=== Input ===
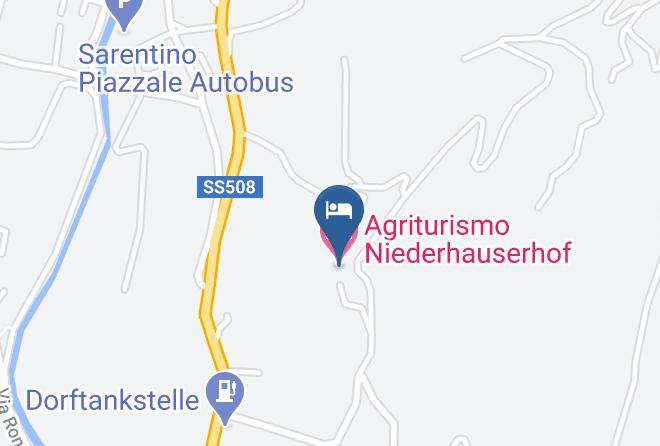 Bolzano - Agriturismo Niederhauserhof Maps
==
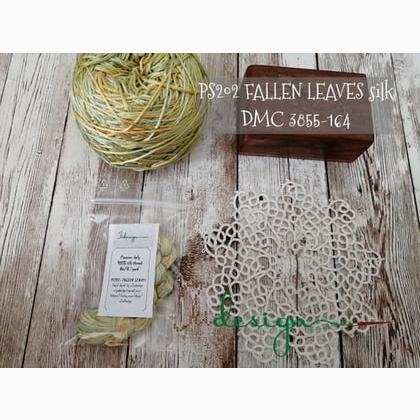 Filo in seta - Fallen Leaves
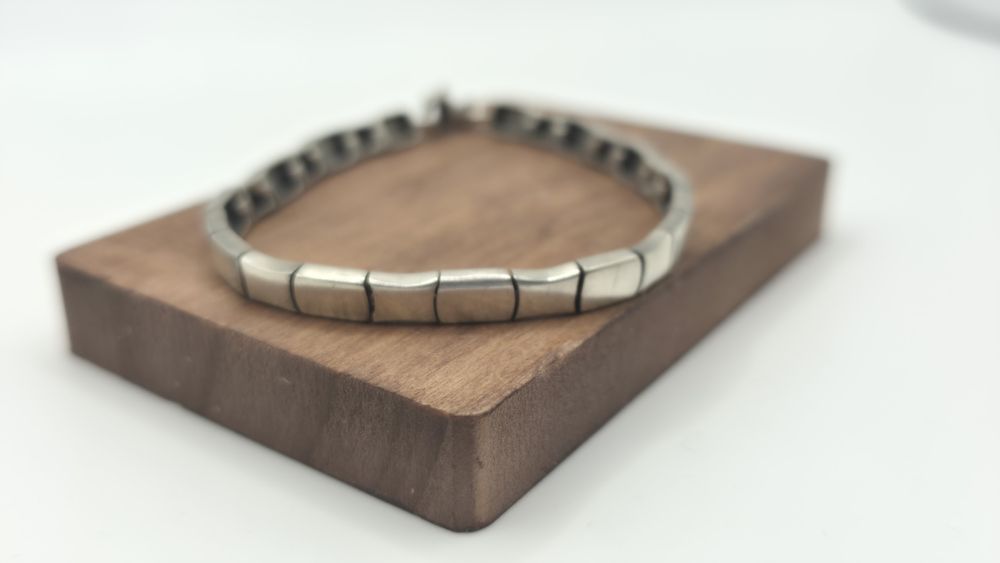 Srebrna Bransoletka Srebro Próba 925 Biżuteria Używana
==
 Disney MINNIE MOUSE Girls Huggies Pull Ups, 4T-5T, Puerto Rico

=== What is expected ===
Starting from the line with "Filo in seta - Fallen Leaves" in the records above, repeat each line exactly until you have written the line with "Srebrna Bransoletka Srebro", then stop; drop the pictures.

=== Exercise response ===
 Filo in seta - Fallen Leaves
 Srebrna Bransoletka Srebro Próba 925 Biżuteria Używana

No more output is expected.